PROVINSI Sulawesi Tenggara (Sultra) memiliki dinamika politik yang tinggi. Keputusan pemerintah selalu lahir dari pertimbangan politik. Penempatan pejabat birokrasi sering muncul karena keputusan politik, apalagi etnis di dua wilayah besar (kepulauan dan daratan) yang ada selalu ingin menguasai singgasana kekuasaan di sana.
Tak heran kalau Sultra dikenal dengan suhu politik yang tinggi. Politik di sini adalah kekuasaan. Orientasinya kedudukan, jabatan, posisi dan semacamnya. Sayang sekali orientasi ini sudah memasuki wilayah primordialisme. Berbagai cara dilakukan untuk menggapai semua itu, termasuk pindah-pindah partai. Ini biasanya disebut kutu loncat.
Seorang pejabat dari Golkar dengan gampang pindah ke partai lain hanya karena ingin merebut kekuasaan. Contoh Yusran Silondae, dari Wakil Ketua Golkar pindah menjadi Ketua PPP Sultra. Mashur Masie Abunawas dari Ketua Golkar Kendari keluar dari partai hanya karena ingin menjadi calon gubernur. Di kalangan anak muda juga gampang menjadi kutu loncat. Contoh Arsyad Abdullah, dari PPP loncat ke Golkar.

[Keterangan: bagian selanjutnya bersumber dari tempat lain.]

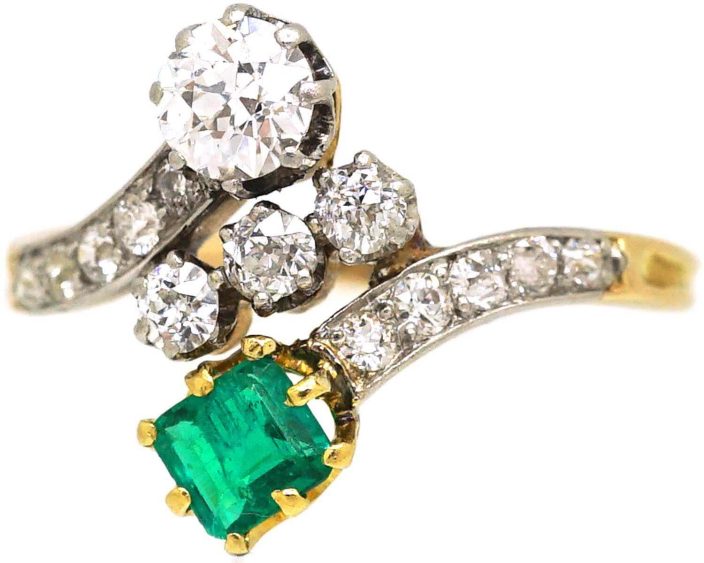 Edwardian 18ct Gold & Platinum, Emerald & Diamond Crossover Ring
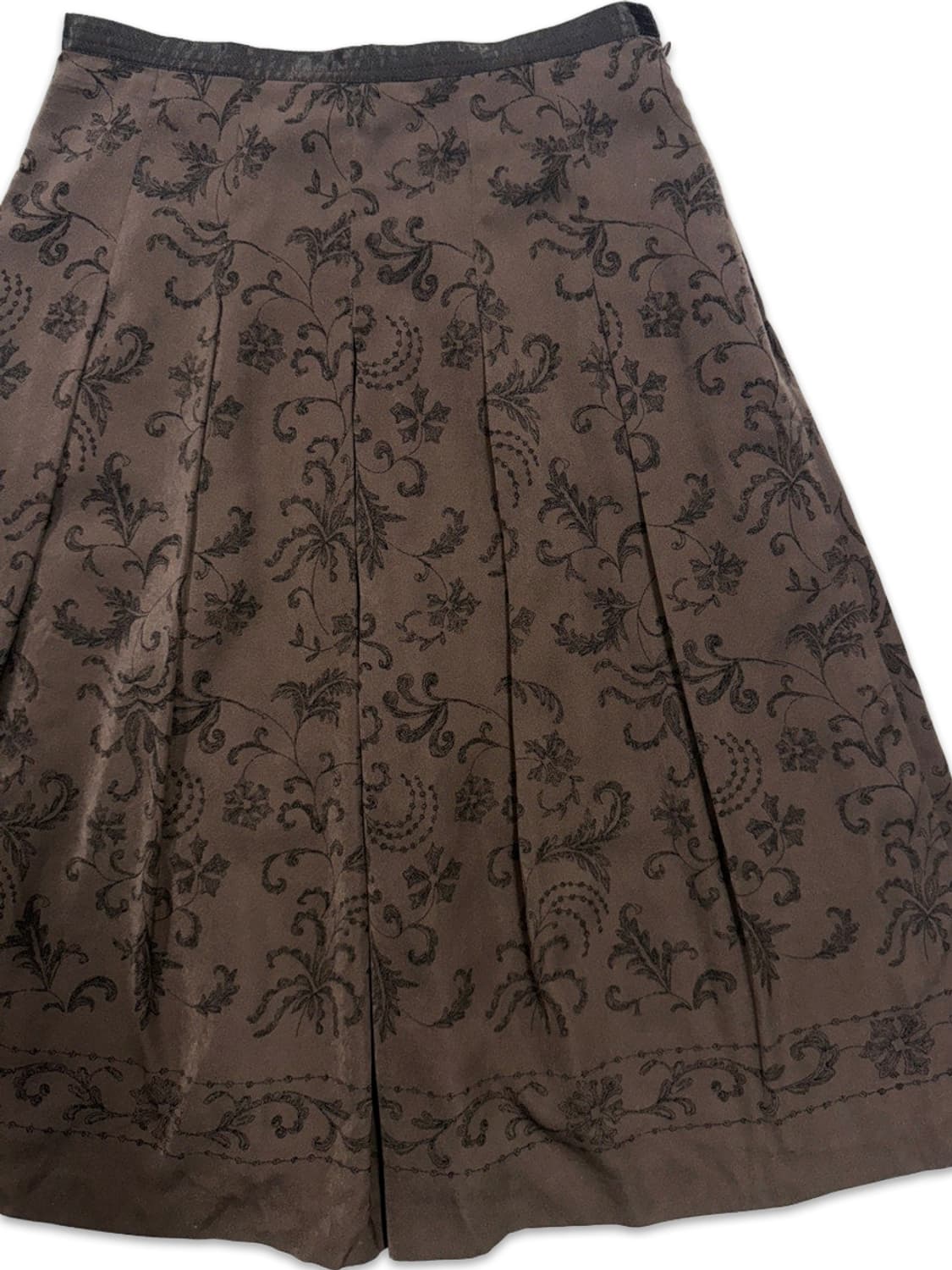빈티지 브라운 자수 플레어 미디 스커트 상품이미지2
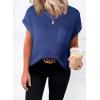 imageDokotoo Womens Casual Short Sleeve Loose Tunic Tops Lightweight Knit Spring Pullover Sweater BlousesNavy Blue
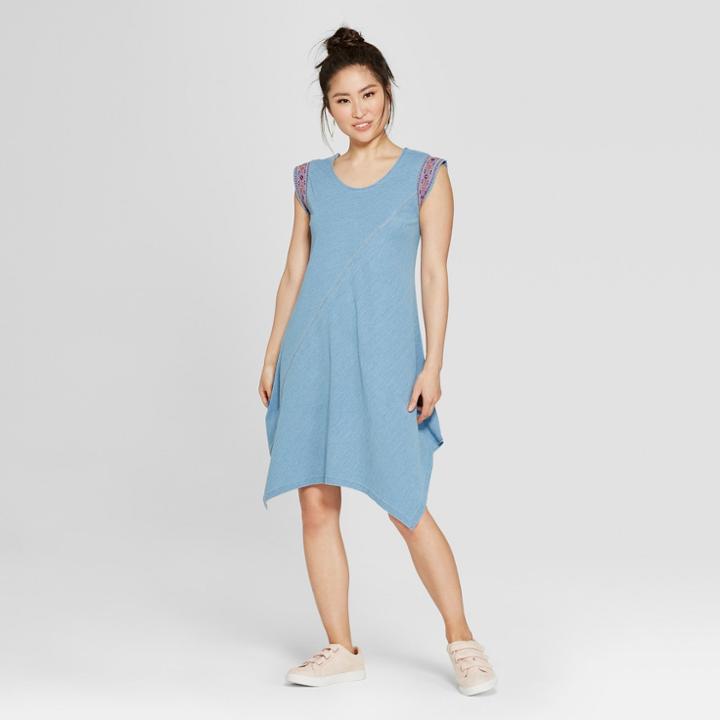 Women's Embroidered Handkerchief Hem Dress - Spenser Jeremy - Blue Denim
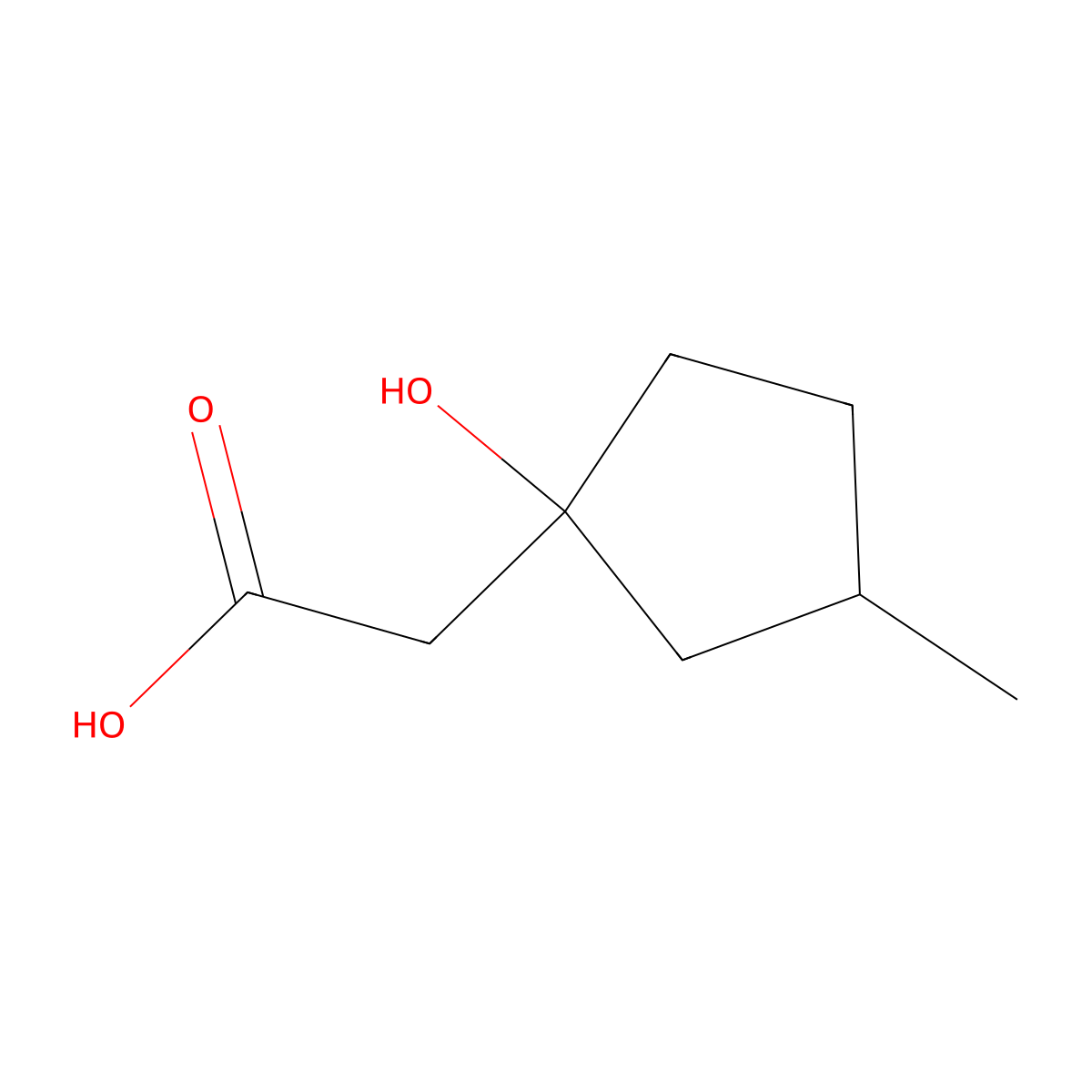 2-(1-Hydroxy-3-methylcyclopentyl)acetic acid molecular structure, CAS 859179-33-2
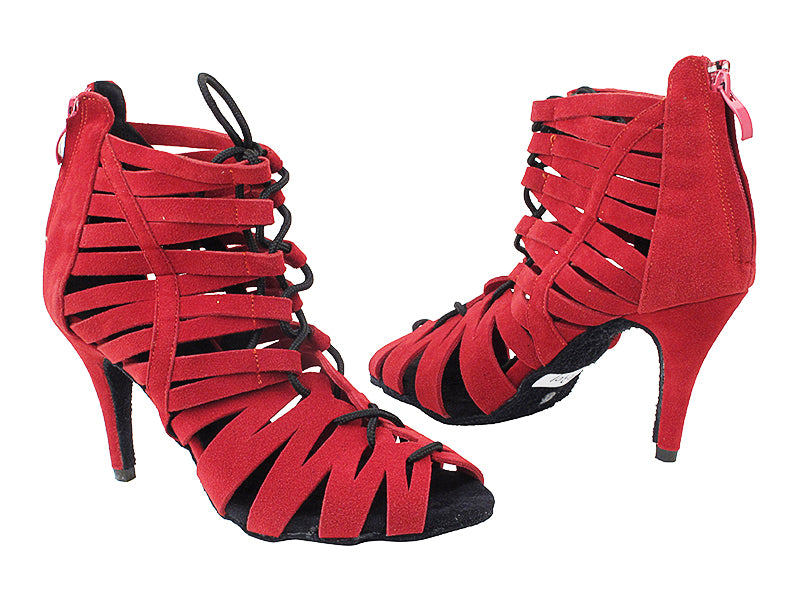 VFBoot Latin 3903 Red Suede with 3&quot; Stiletto Heel (428) in the photo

DARI GOLKAR: Baliho Calon wakil gubernur Sultra Yusran Silondae berdiri kokoh di Kendari. Yusran mencalonkan diri pada Pilgub Sultra 2008-2013 berpasangan dengan calon gubernur Mahmud Hamundu yang diusung PDIP dan PPP namun gagal. Nur Alam dari PAN yang terpilih.

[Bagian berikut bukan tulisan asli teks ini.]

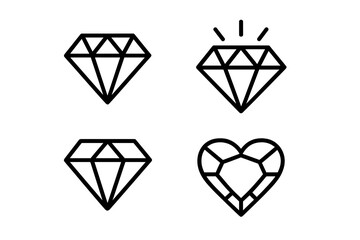 Four gem icons on dark background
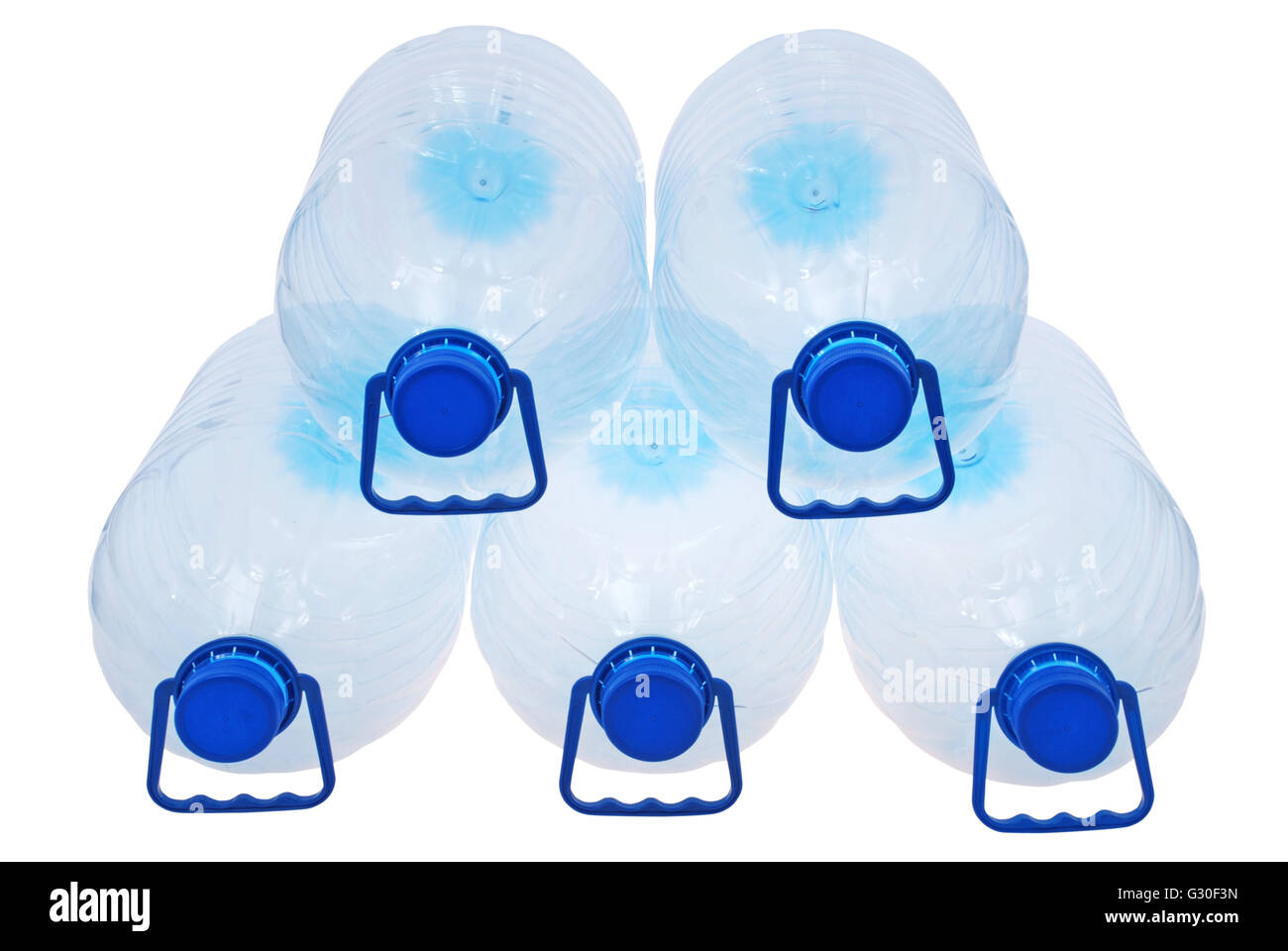 Five big bottles of water isolated on a white. Clipping path included. Stock Photo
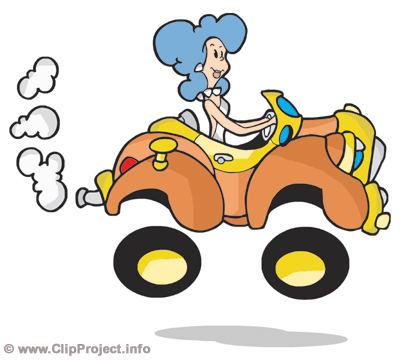 Woman driving car funny image clip art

Beberapa tahun lalu, saya juga menulis soal politik kutu loncat ini di Kendari Ekspres. Tulisan itu dimuat tahun 2004 lalu sebelum pemilu legislatif digelar. Inilah tulisan itu:
Ibarat Kutu Loncat
BUKAN main perpolitikan di Sulawesi Tenggara. Dari jauh saya ikut tercengang. Begitu banyak calon anggota Dewan Perwakilan Daerah (DPD), begitu tegang dalam penyusunan nomor urut caleg. Begitu banyak kutu loncat yang begitu gampangnya menyeberang dari satu partai ke partai lain. Penyusunan nomor urut di Partai Golkar juga luar biasa menggelikannya.

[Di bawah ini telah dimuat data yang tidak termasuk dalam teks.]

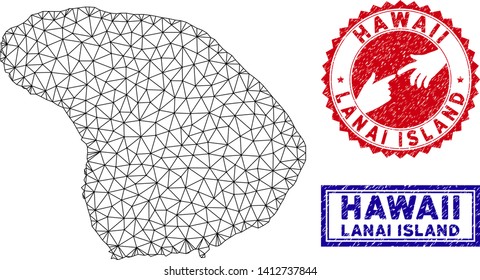 2D polygonal Lanai Island map and grunge seal stamps. Abstract lines and small circles form Lanai Island map vector model. Round red stamp with connecting hands.
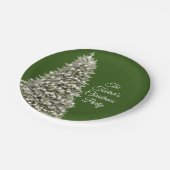 Einfaches elegantes Weihnachtsbaum Dunkles Grünes Pappteller (Schrägansicht)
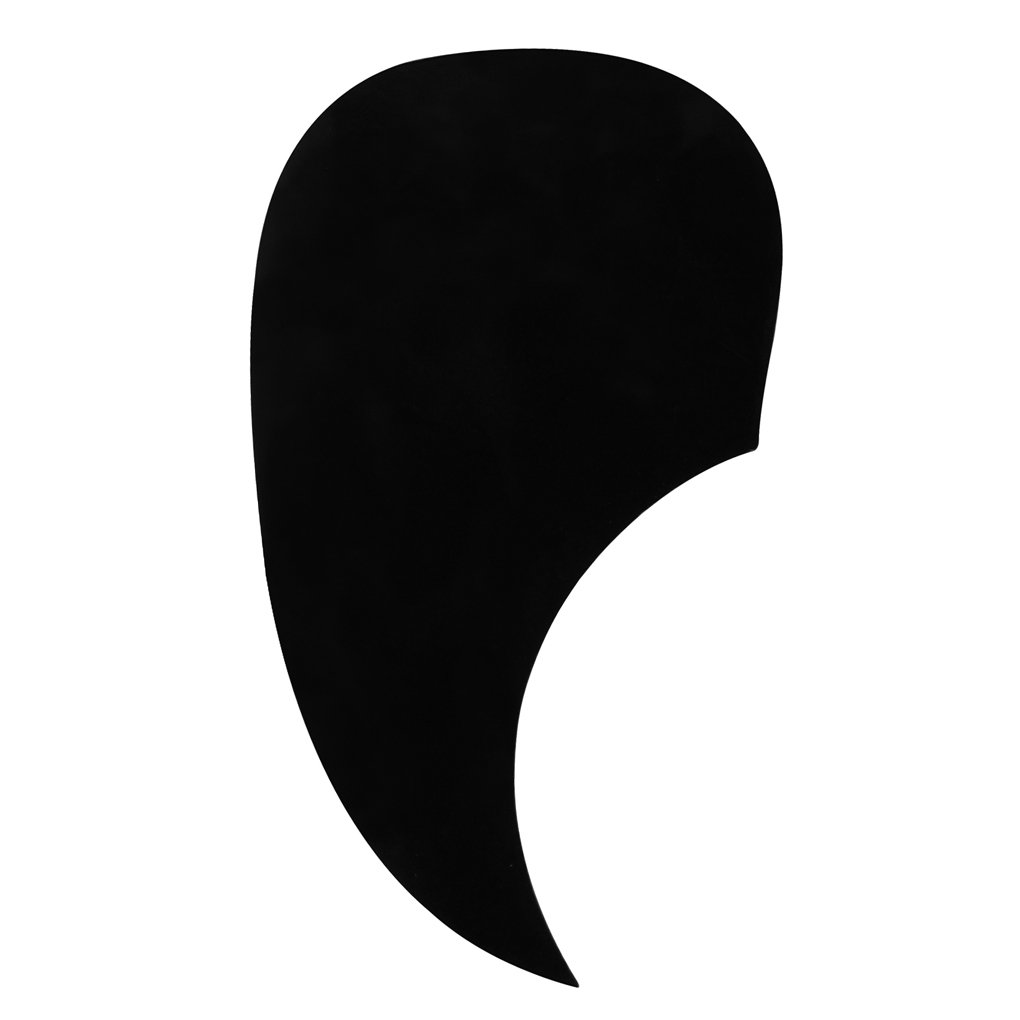 IKN Acoustic Guitar Pickguard Comma Shape Self-adhesive PVC Plastic Scratch Plate, Black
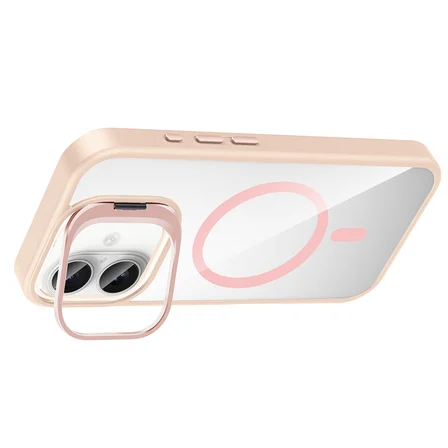 iPhone 17 Kılıf Standlı ve Kamera Lens Hediyeli Kablosuz Şarj Özellikli Etro Kapak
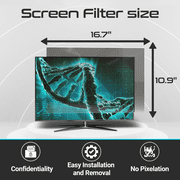 EZ-Pro Screen Protector Privacy Screen Panel for 19 inches (Screen Measured Diagonally) Computer Monitor, Anti Blue Light and Easy Installation, Screen Panel Size 10.9 Height x 16.7 Width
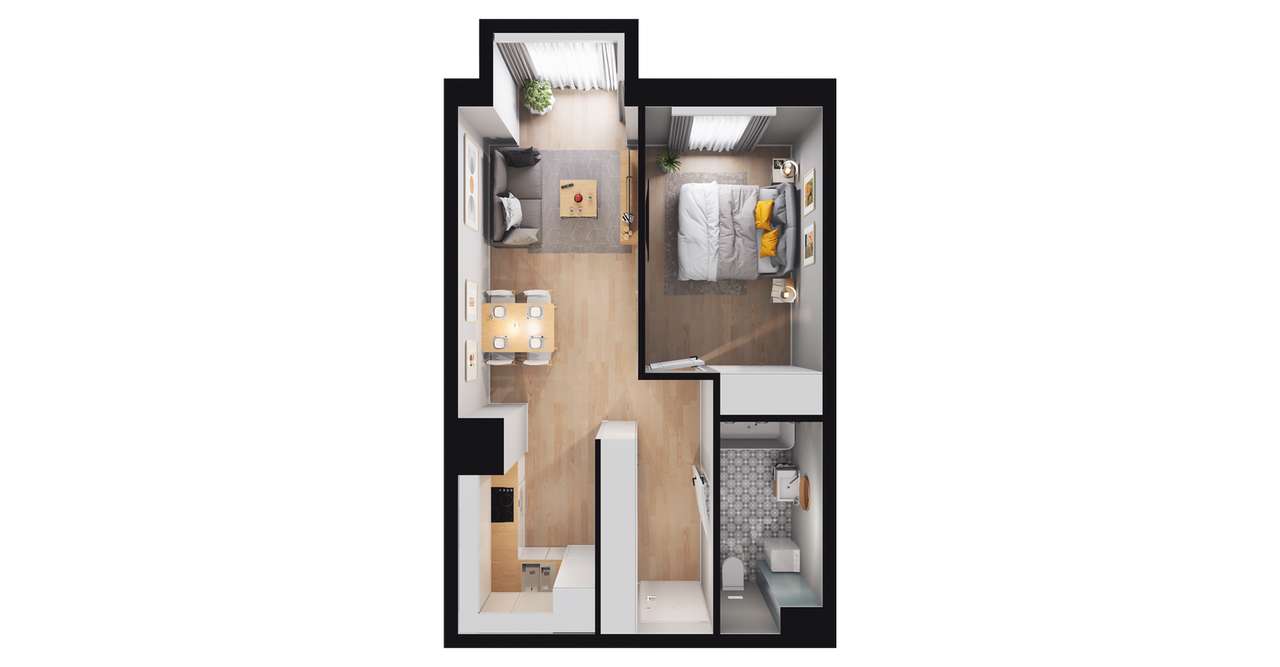 2-pokojowe mieszkanie 42m2 Bezpośrednio - Pełny obrazek: 3/9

Entah bagaimana, politisi busuk pun banyak yang memenuhi daftar DCT Partai Golkar ini. Meski bukan nomor jadi, melainkan nomor sepatu, fenomena politisi busuk di partai kuning ini benar-benar luar biasa. Saya ketemu beberapa di antaranya sedang kasak kusuk mengurus dirinya di Jakarta. Mereka adalah yang terkena sorotan tajam dalam pemilihan Gubernur Sultra 2002 lalu. Yang terdengar mereka ingin mendongkrak urutannya ke nomor jadi. Sudah tradisi, gagal di daerah harus bermain di pusat.
Tapi jangan buta juga soal calon senator alias DPD Sultra. Beberapa nama sangat asing sekali. La Ode Ida, bolehlah. Cukup lama ia malang malintang dalam pergulatan pemikiran politik tanah air. Ia lebih dikenal sebagai pengamat, karena mungkin kapasitasnya sebagai kolumnis di beberapa media. Tapi ketika ia lalu mencalonkan diri menjadi calon anggota DPD Sultra, dedengkot LSM ini pun kena sorotan.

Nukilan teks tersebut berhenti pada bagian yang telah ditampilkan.